One union, as the Deputy knows, has declined to enter the collective agreement negotiated for the public service. It is a matter for its members to decide whether they wish to conclude a collective agreement, and the matter is shortly to be put to ballot. The legislative position is that in the absence of a collective agreement being concluded for members of that association, the Minister for Education and Skills will have to take the necessary measures to meet the targeted payroll savings in 2013 and the following years.

The reality is that the Minister uses the threat of the legislation to bully public sector workers, including nurses, teachers and local authority workers, into accepting the Haddington Road agreement against their will. In the first instance, it is quite a scandal that the Minister casts himself as a William Martin Murphy-type figure 100 years after the great Lock-out of 1913 with this type of blackmail threat.

In the event that the secondary schoolteachers organised in the Association of Secondary Teachers of Ireland reject the proposals or manifestations of austerity the Government is attempting to impose on them, what will be the role of the Minister and the legislation?

The Deputy has resorted to name-calling. The only time his party's philosophy was ever employed in actually running anything was in the city of Liverpool. That ended up with the authorities running out of money and sacking public sector workers across the city. This is the experience we have of the Deputy's policies being deployed.

I spoke to public sector workers and their representatives a year ago, opening the books, as all good employers would, to demonstrate the state of the public finances. I stated that in order not to have a dramatic reduction in front-line services, we needed to make further reductions on the payroll side. Public sector workers responded to that positively by democratic vote. One cannot have it both ways. The Deputy cannot herald the staff if they vote in a way with which he agrees, saying that is their democratic decision and that it must be respected, while disrespecting them if they vote in a way with which he does not agree on the basis of a belief that their vote is a result of harassment, bullying or other tactics.

For the record, not a single local authority worker was sacked by Liverpool City Council when it was under the leadership of the left.

Was it a great success?

It was very successful and built more houses and facilities for working class people than Deputy Howlin's Government will do over this five year period.

It was re-elected, was it?

In conclusion, in view of all the strictures and the Minister's lectures regarding public sector workers generally, hitting in particular low and middle income public sector workers, where is the Minister's policy left by the revelation of recent days of the sweet shops in hospitals being raided for tens of thousands of euro extra for chief executives? A huge gulf of inequality is being created between them and the workers at the coal face. Does that not make a mockery of the Minister's policy?

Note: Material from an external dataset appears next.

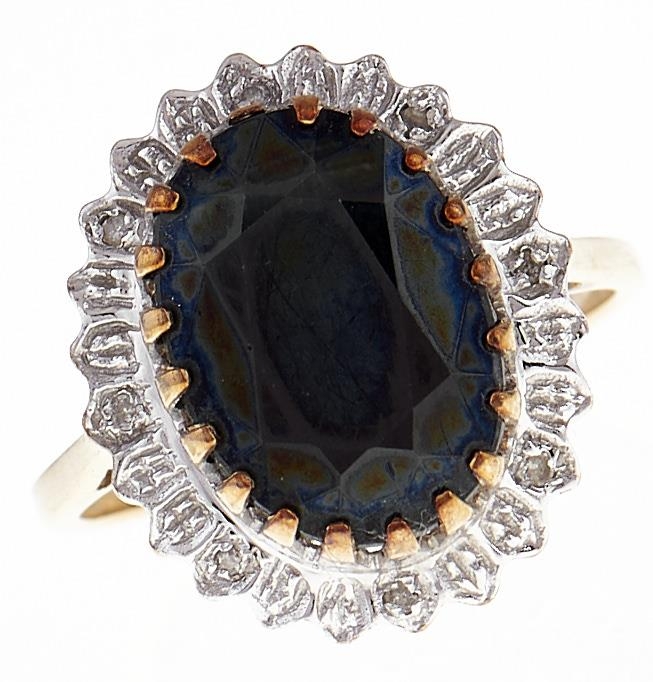 A sapphire ring, in 9ct gold, 5.2g, size P½ Good condition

It does not make a mockery of it inasmuch as the policy must be implemented. I have set out to make the adjustments on the basis of targeting those who are best paid. If there are means used to circumvent that, it is something I regret. I have placed a cap on public sector pay that has been implemented across the public sector. We have gone further under the terms of the financial emergency measures in the public interest legislation and made additional reductions. Workers across the public sector, but particularly those in the Civil Service, earning more than €65,000 have made a very substantial contribution to making those deductions. We will ensure that public sector pay, as determined by Government, is implemented across the entire public sector.